«Dopo 13 anni mi hanno revocato la scorta con una telefonata formale» – .

REGGIO CALABRIA “Dopo 13 anni, con una telefonata formale di un agente di polizia, mi è stata revocata la scorta”. Lo racconta all’AGI l’imprenditore reggino Tiberio Bentivoglio, testimone di giustizia e vittima della ‘ndrangheta, che da oltre trent’anni ha deciso di resistere alle minacce, agli attentati e alle richieste di tangenti da parte delle cosche della ‘ndrangheta. ndrangheta reggina.
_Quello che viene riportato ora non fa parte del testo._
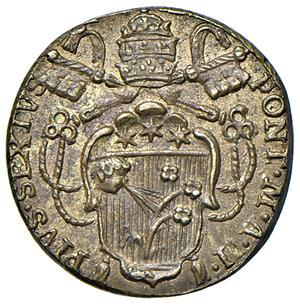 obverse: Pio VI (1775-1799). Peso monetale della mezza doppia da 15 paoli 1776 anno II AE gr. 2,72. Mazza 714. Raro. q.SPL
Tiberio Bentivoglio e la moglie Vincenza Falsone finirono nel mirino della ‘Ndrangheta dopo aver resistito alle pressioni per indurli a pagare la “protezione”, subendo il furto di beni per centinaia di migliaia di euro, l’incendio di un veicolo, finché, la notte del 5 aprile 2003, un potente ordigno esplosivo non distrusse la loro bottega, la “Sanitaria S. Elia”. È l’inizio di una serie di minacce contro Bentivoglio e la moglie, di “buoni consigli” per convincerli a desistere, ritirare le denunce e “accontentare” gli emissari delle cosche, tentativi che la coppia respinge, finché la ‘Ndrangheta solleva il bar. Il 9 febbraio 2011 l’imprenditore è stato fronteggiato da colpi di arma da fuoco da parte di un uomo armato, che lo ha colpito a una gamba. Uno dei colpi, mirato al petto, è stato fortunatamente attutito dalla borsa che il commerciante portava in spalla. Bentivoglio, che in passato ha trovato il sostegno di numerosi cittadini e di “Libera”, ha scelto di non commentare la decisione dello Stato di ritirare la sua scorta: «Preferisco aspettare – ha detto – per comprendere meglio le ragioni, il senso della questa iniziativa».